The answer to long term forecasting

The answer to long term forecasting lies in mean reversion and its determinants, says Mukul Pal, CMT and Founder of a global alternative research firm.

One side behavioural finance uses an oscillating behaviour to disprove randomness and others use large fluctuations in an otherwise mean reverting behaviour to call the phenomenon unexplained.

“We redefined mean reversion as extreme reversion and connected outliers with it, explaining how outliers were happening across time frames”, says Pal. “The larger the time frame associated with an outlier, the larger the reversion expressed by the outlier. Even technically larger the previous price structure, larger the breakout, and larger the investment opportunity that outlier presents.”

Mean reversion

“Somewhere this outlier approach fits in with the dynamical systems (chaos, The strange Attractor) well because we just talk about reversion, we don’t talk about the pattern of reversion, whether it’s going to be in a zigzag or an impulse. Whether an outlier is going to outperform and become the best or whether an outlier is going to outperform, deliver average performance and stagnate.”

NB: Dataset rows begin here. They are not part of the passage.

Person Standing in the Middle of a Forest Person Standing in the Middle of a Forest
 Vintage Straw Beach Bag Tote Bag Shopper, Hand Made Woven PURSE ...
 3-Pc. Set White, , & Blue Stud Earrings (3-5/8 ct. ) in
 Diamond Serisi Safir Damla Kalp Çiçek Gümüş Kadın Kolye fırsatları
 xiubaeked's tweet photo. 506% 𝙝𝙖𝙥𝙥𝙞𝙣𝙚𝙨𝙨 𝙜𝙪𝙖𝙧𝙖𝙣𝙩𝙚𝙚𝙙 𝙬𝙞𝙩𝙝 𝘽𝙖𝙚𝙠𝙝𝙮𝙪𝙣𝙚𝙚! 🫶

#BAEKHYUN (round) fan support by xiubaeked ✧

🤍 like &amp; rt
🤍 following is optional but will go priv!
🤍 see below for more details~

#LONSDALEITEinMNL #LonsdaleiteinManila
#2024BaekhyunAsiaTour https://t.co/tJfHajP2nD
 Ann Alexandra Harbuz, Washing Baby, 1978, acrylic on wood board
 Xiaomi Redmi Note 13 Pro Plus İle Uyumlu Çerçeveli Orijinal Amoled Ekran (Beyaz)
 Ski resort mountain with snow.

The answer to longer term forecasting according to Pal also lies in considering asset performance inter-connected with every holding period in a hierarchical structure. “This means that active and passive investing styles were also connected. This also meant that performances of global indices were connected as a part of the same group.”

“And any outliers among this group too were destined too revert. This is what we did. We took a large group of global indices and ranked them on quarterly performance.”